Prevent Developmental Desocialization
Adolescence is a particularly stressful time for young dogs, especially males, who are repeatedly harassed by older dogs, especially males. The ritualized harassment is both normal and necessary, allowing older dogs to put developing youngsters "in their place" before they are strong enough to compete on the social scene. Harassment is triggered by rude adolescent behavior and by extremely elevated testosterone levels in five- to eighteen-month-old adolescents. Castrating your puppy will prevent most harassment from older dogs.

Additionally, to maintain self-confidence and offset the stress of adult-doggy discipline, an adolescent dog requires many positive social interactions. Regular play sessions and repeated friendly encounters are vital. However, for many dogs, socialization with other dogs is abruptly curtailed at between six to eight months, usually following the first couple of scraps. This is especially true for small dogs and large dogs. Worrying that a little dog may get hurt, the owner is more likely to pick him up and less likely to let him play. Similarly, worrying a large dog might hurt other dogs, the owner now tends to keep her restrained on a tight leash. Thus, at a crucial developmental stage, many dogs are seldom allowed to interact with unfamiliar dogs. A vicious circle develops—the dog desocializes and his bite inhibition begins to drift, whereupon fights and potential damage now become more likely, making it even more difficult to socialize the dog.
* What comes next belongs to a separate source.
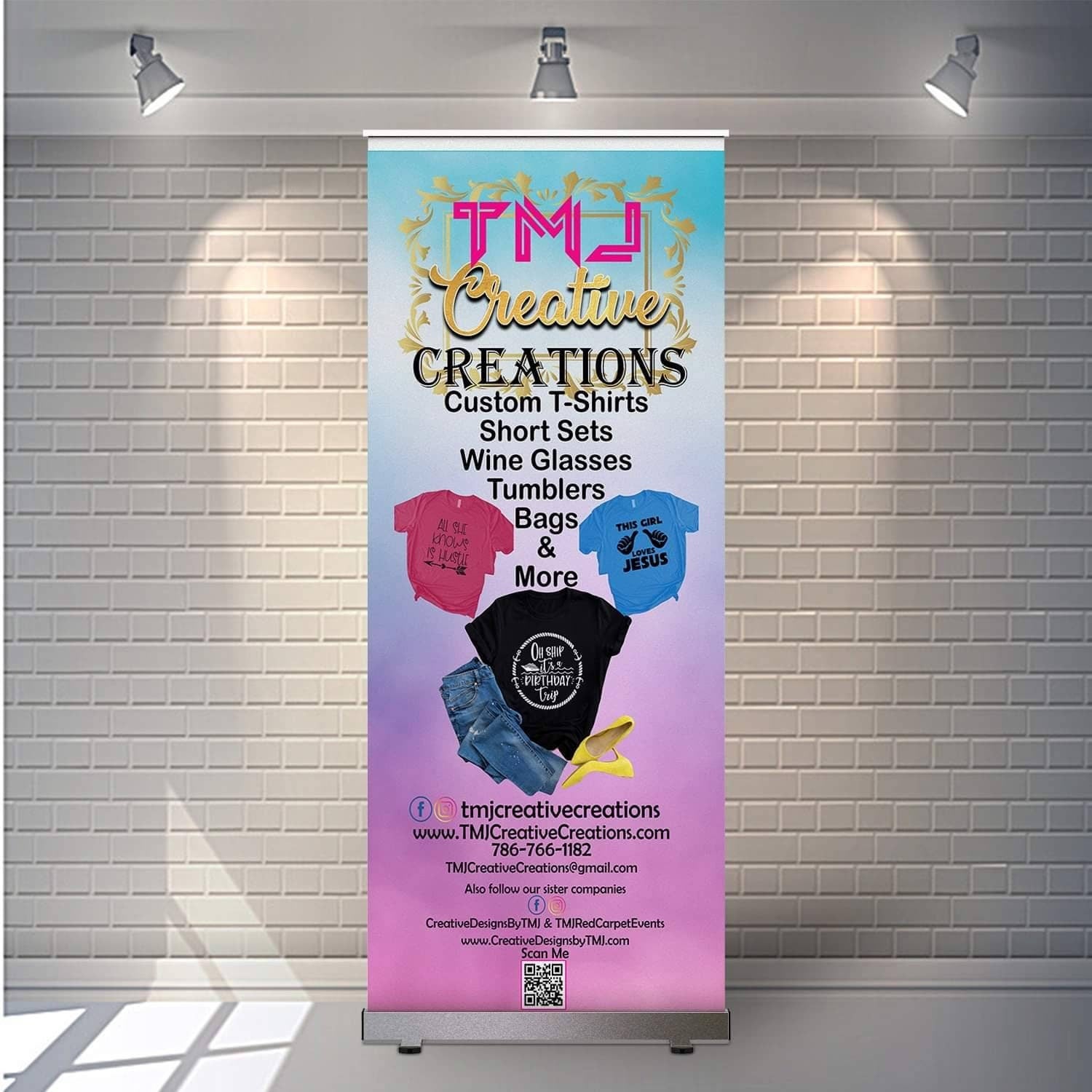 CUSTOM Digital Banner PERSONALIZED BANNER Customized Wedding Banner Baby Shower Banner Step and Repeat Banner Sweet 16 Banner Name Banner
To prevent your puppy from becoming asocial or antisocial during adolescence, he must continue to meet unfamiliar dogs on a regular basis. Always praise your puppy for meeting, greeting, and playing with unfamiliar dogs. Never take friendly behavior for granted. Always let your dog know that you are very happy when he is friendly. Throughout adolescence and adulthood, praise and reward your dog with food treats after every friendly encounter with another dog.

Bite Inhibition
Most dogs, especially males, are involved in a number of scraps during adolescence. If the dogs acquired good bite inhibition during puppyhood and learned how to resolve differences without causing harm, there is little, if any, damage. However, if the dogs did not learn bite inhibition as puppies, there may be substantial damage.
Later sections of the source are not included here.